Material science advance could lead to airplanes that optimize their shape in flight
Materials and objects could take on different shapes by themselves through a method developed at KTH Royal Institute of Technology. Breakthrough tests showed how microscale melting and cooling of a wide range of materials—such as plastics and metals—can be manipulated to reorganize their mass and form new shapes.
Performed in 2D with paraffin as the test material, the study introduces a new path for development of materials that can be programmed to shapeshift in 3D autonomously, says Professor Wouter van der Wijngaart, a researcher in the Division of Micro and Nanosystems at KTH Royal Institute of Technology in Stockholm.
With the new technology the researchers envision limitless possibilities, from cars and airplanes that constantly adjust their form to optimize drag, to meeting rooms where the required seating is generated on demand.
“This could enable limitless on-the-fly creation of tools and other objects, without introducing additional materials,” van der Wijngaart says.

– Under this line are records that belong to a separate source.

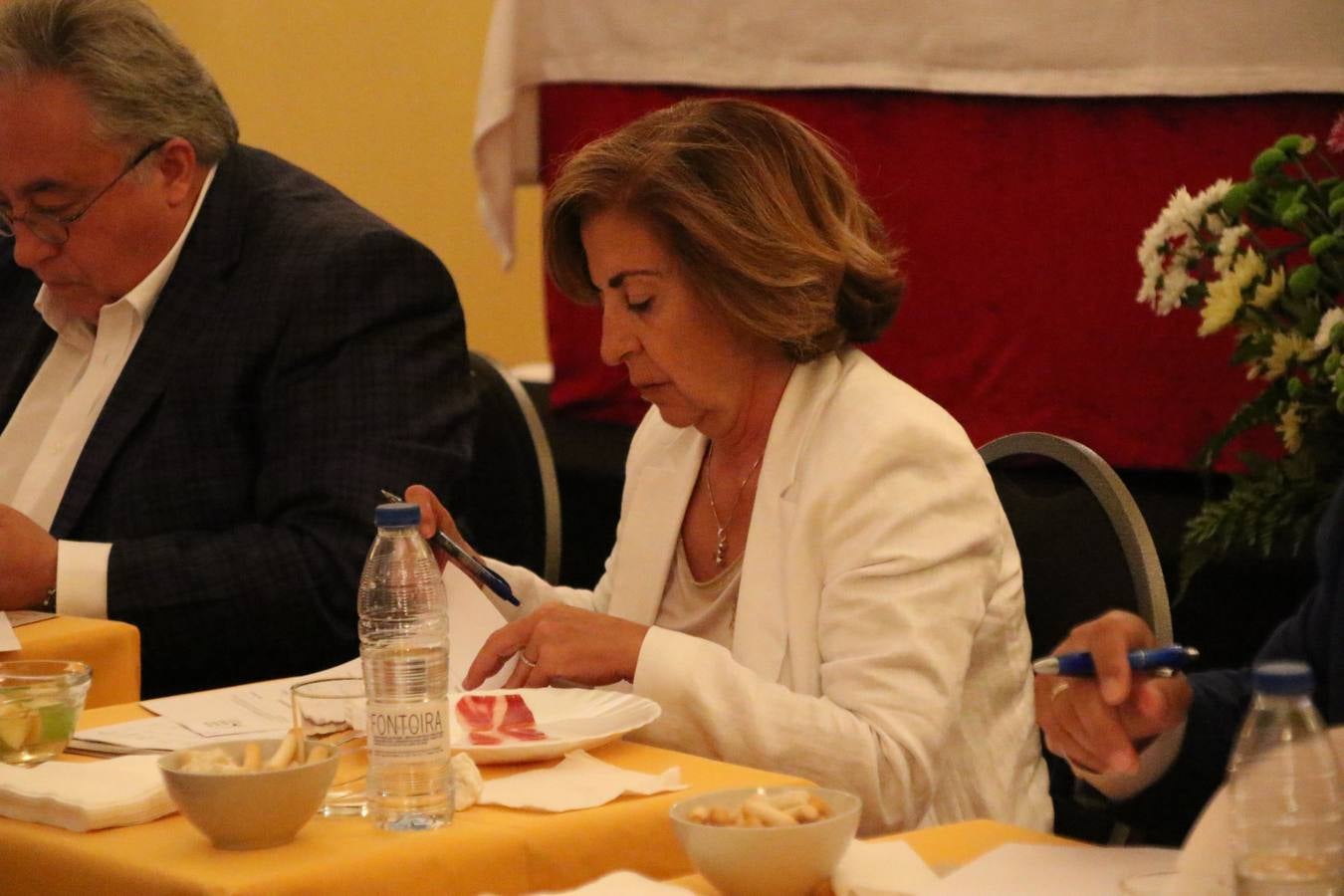 La empresa familiar 'Oro Graso', de Higuera la Real, se ha proclamado ganadora del XXX Concurso 'Jamón de Oro', cuya cata y puntuación se ha celebrado, esta mañana, en el marco del XXX Salón del Jamón Ibérico. El Trofeo 'Jamón de Plata', ha correspondido a 'Embutidos Morato' y el Trofeo 'Jamón de Bronce' a 'Victoriano Contreras Barragán Hermanos'.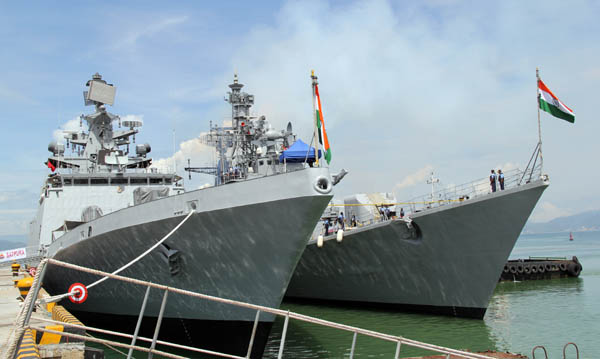   CHÙM ẢNH: Cận cảnh 4 tàu Hải quân Ấn Độ vừa cập cảng Tiên Sa, Đà Nẵng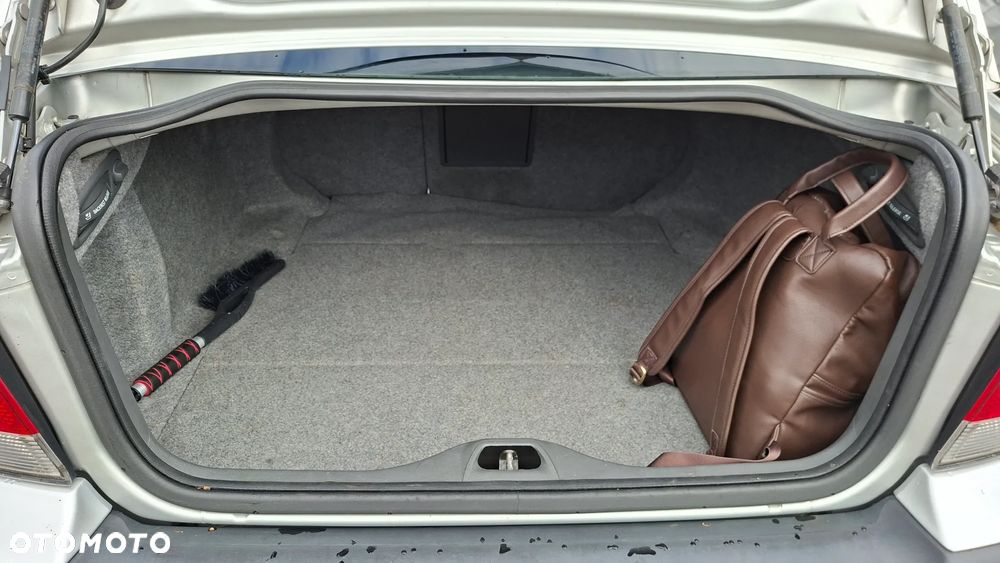 Volvo S60 2.4D5 Momentum - 21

The method relies on a laser to melt and shift material, bit by bit, so that it moves from one side of the object to another.

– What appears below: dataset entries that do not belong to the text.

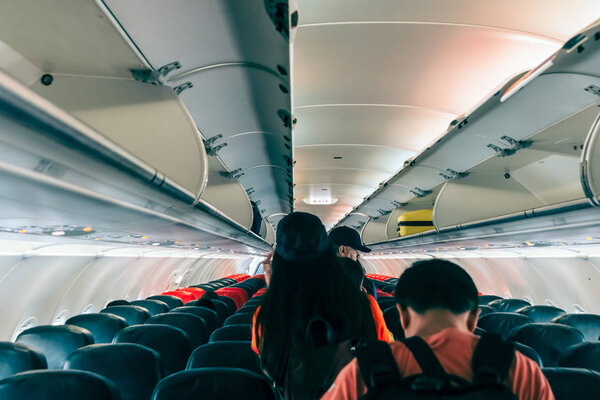 Неопределившиеся пассажиры выходили из самолета, следуя указателю выхода
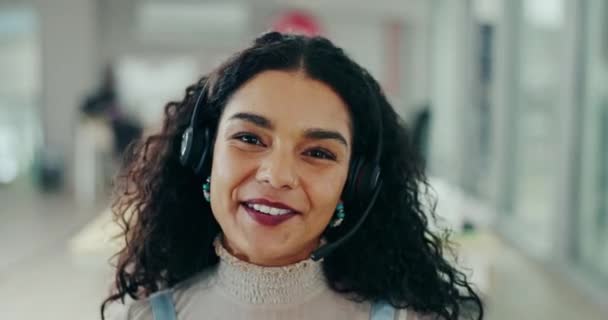 Χαμόγελο Πορτρέτο Και Γυναίκα Στο Γραφείο Για Την Τηλεαγορά Την — Αρχείο Βίντεο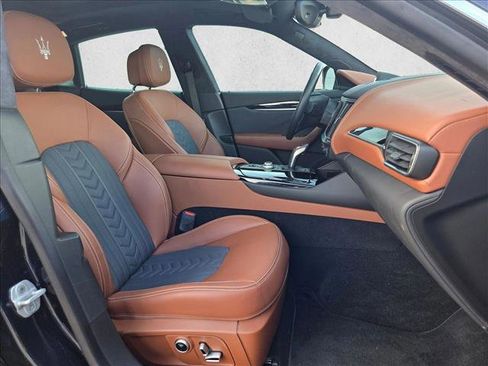 Used 2023 Maserati Levante GT image 22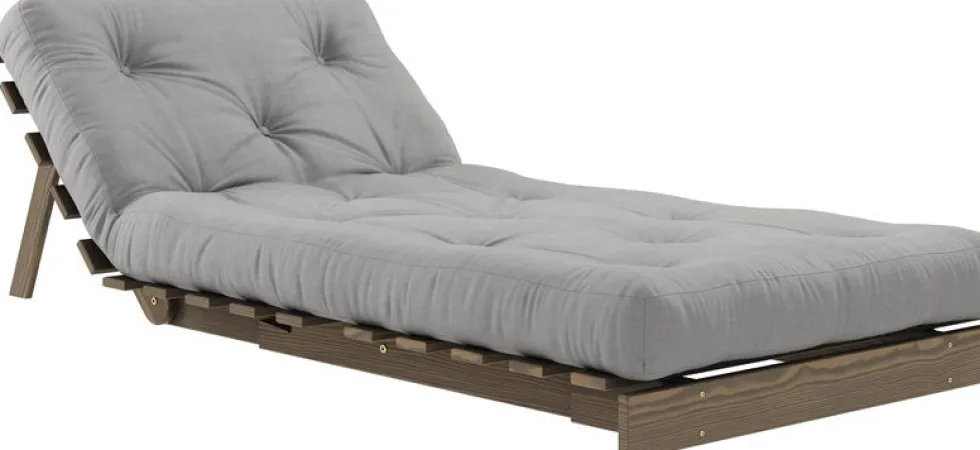 Canapé-lit en pin carob brown et tissu gris 90 x 200 cm Roots - Karup Design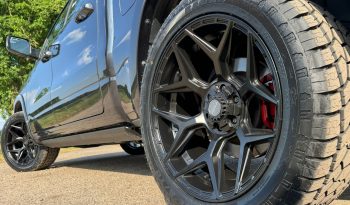 DODGE RAM 1500 5.7L V8 HEMI 4X4*LIMITED EDITION*BOM VOL OPTIES*PRACHTIGE KLEUR MAXIMUM STEEL METALLIC*22 INCH 4-PLAY SPORTVELGEN*LUCHTVERING*OPEN UITLAATSYSTEEM*PRINS LPG* vol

“Everything is just shifted a few tens of micrometers during each cycle,” van der Wijngaart says. “It can reshape objects to pass through narrow gaps and reconstitute them into any target shape.”
The repetition of this phase-shift ultimately reshapes the material into any form desired, with greater freedom of shape and spatial resolution than other techniques today, he says. Integrating the heating mechanism inside actuals object will enable them to shapeshift autonomously.

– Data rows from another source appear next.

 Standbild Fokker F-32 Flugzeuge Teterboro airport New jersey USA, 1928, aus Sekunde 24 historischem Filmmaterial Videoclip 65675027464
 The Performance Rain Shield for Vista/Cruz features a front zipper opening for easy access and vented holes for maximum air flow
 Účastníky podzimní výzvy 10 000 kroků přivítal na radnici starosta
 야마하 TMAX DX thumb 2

He says that this breakthrough in material science and engineering “could lead to advancements that were once deemed impossible.”
Publishing in Advanced Functional Materials, the researchers released a video showing three blobs of paraffin transforming themselves to form the university’s acronymic brand name, KTH”.
The project, Robotic Matter, is funded by Digital Futures. The study’s co-authors were Kerem Kaya, Alexander Kravberg, Claudia Scarpellini, Emre Iseri, Danica Kragic and van der Wijngaart.